Macron merece uma vitória clara nas urnas. A França, a União Europeia e também Portugal ficarão mais bem servidos.

Já todos sabemos que a França está dividida em duas. Hoje é dia de saber qual é o tamanho das facções. Como de um lado está Le Pen, seria fácil antecipar uma leitura entre racistas e humanistas. Mas o problema é bem mais complexo, porque quem hoje se revê nas propostas populistas de Le Pen só o faz porque ou é ou se sente como perdedor neste modelo globalizante de que a União Europeia é um dos principais representantes. Por isso é que a batalha eleitoral deste domingo em França deve ser vista como o mais importante capítulo na luta pelo futuro das sociedades abertas.

O modelo europeu no qual se investiu durante toda a segunda metade do século XX — e que tanto ajudou Portugal — funcionou enquanto a economia ajudou. A crise do euro deixou à mostra as fragilidades de um sistema que tem fortes debilidades de representação democrática e ainda maior incapacidade de resposta a quem não está preparado para as exigências do modelo social e económico liberal.

Os descontentes foram durante anos acolhidos pelas várias esquerdas, que tratava de os manter dentro do sistema. Acontece que a deriva liberal iniciada por Tony Blair e seguida como cartilha por quase todas as esquerdas europeias abriu um fosso de falta de representação a quem ficou nas margens do sistema. E a crise económica e financeira aumentou as fileiras dos descontentes que, sem acolhimento pelos actores tradicionais, foram à procura de respostas nas franjas do sistema.

Encontraram-nas nos movimentos populistas, os mesmos que nos deixam a engolir em seco de cada vez que há uma eleição num país ocidental. Esses aproveitaram para crescer, dinamitando a esquerda tradicional — como se viu em França, em Espanha, em Itália e se verá em Inglaterra daqui a um mês. As causas são comuns e os eleitores de Le Pen são os mesmos de Mélenchon em França, mas também do Podemos em Espanha e do Bloco em Portugal — o que, aliás, explica as recusas de todos em declarar apoio a Macron e a semelhança do discurso ideológico contra a União Europeia.

França não vive uma situação muito diferente da da maioria dos países europeus.
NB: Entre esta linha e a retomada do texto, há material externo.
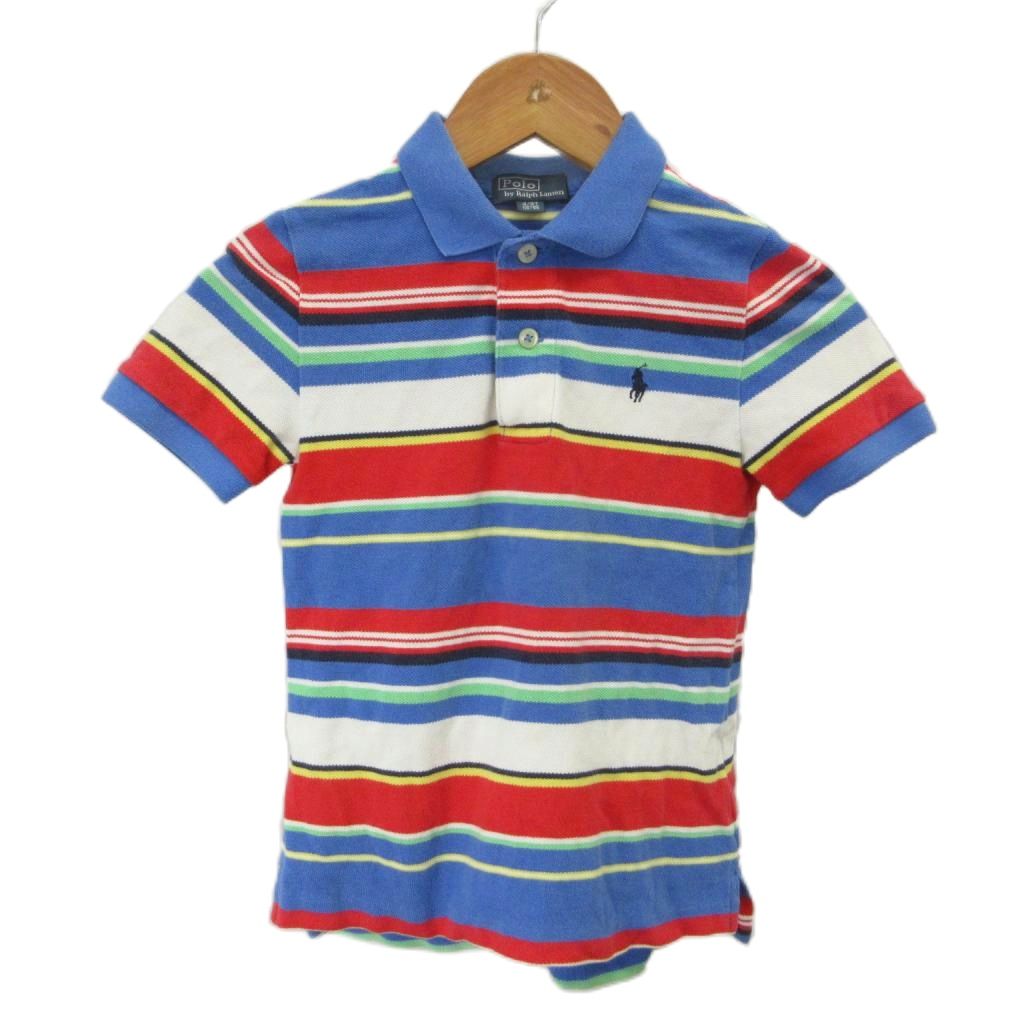 【中古】ポロ バイ ラルフローレン Polo by Ralph Lauren 子ども服（男の子）ポロシャツ ボーダー柄 ロゴ刺繍 半袖 4T 110 ブルー マルチカラー /NP ■ECD009 キッズ 【ベクトル 古着】 261002ブランドポロ バイ ラルフローレン Polo by Ralph Lauren表記サイズ4T 110実寸サイズ肩幅：26cm　身幅：30cm　着丈：44cm　袖丈：14.5cm　　素材綿色ブルー マルチカラー状態襟元に色褪せや毛羽立ちがございますが、その他に目立ったダメージはなく、問題なくご使用いただける商品です。 ※あくまでも中古品ですので掲載写真や記載内容をご確認いただき、ご理解の上ご購入ください。備考ラルフローレン（株）商品のお問い合わせの回答を休止しております。＊各商品ページの商品詳細等をご確認の上ご購入ください。【中古】ポロ バイ ラルフローレン Polo by Ralph Lauren 子ども服（男の子）ポロシャツ ボーダー柄 ロゴ刺繍 半袖 4T 110 ブルー マルチカラー /NP ■ECD009 キッズ 【ベクトル 古着】 261002状態ランク　”AB”詳細については、下記および「状態ランクについて」ページをご覧ください。未使用・新品の商品ほぼ新品同様の商品使用感が少なく、かなり状態の良い商品使用感はあるが、傷や汚れの少ない商品使用感の他、傷や汚れが見られる商品かなり大きな傷みがある難あり商品※S〜CランクはUSED品となりますので、使用感をご理解の上でご入札下さい。状態ランクについてinformationブランドポロ バイ ラルフローレン Polo by Ralph Lauren表記サイズ4T 110実寸サイズ肩幅：26cm　身幅：30cm　着丈：44cm　袖丈：14.5cm　　素材綿色ブルー マルチカラー状態襟元に色褪せや毛羽立ちがございますが、その他に目立ったダメージはなく、問題なくご使用いただける商品です。 ※あくまでも中古品ですので掲載写真や記載内容をご確認いただき、ご理解の上ご購入ください。備考ラルフローレン（株）商品のお問い合わせの回答を休止しております。＊各商品ページの商品詳細等をご確認の上ご購入ください。本商品は一点物です他サイトや店舗にて販売している商品です。多少のお時間差にて欠品になることもございます。予めご了承頂ますようお願い致します。ベクトル・サイズガイドはこちらこの商品と同じブランドの商品を見る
Mas tem algumas particularidades que contribuem para que sirva de exemplo neste conflito entre defensores e críticos da globalização. Em França, em grande medida, a integração dos imigrantes está por fazer. A crise identitária, que é mais cultural que económica, também é pesada. E a longevidade da Frente Nacional também a torna mais credível.

É neste contexto que se joga esta eleição entre Emmanuel Macron e Marine Le Pen. Macron pode ser fraco, mas é o líder dos defensores da sociedade aberta, e por isso merece um apoio declarado e entusiástico. Merece também uma vitória clara nas urnas. A França, a União Europeia e também Portugal ficarão mais bem servidos.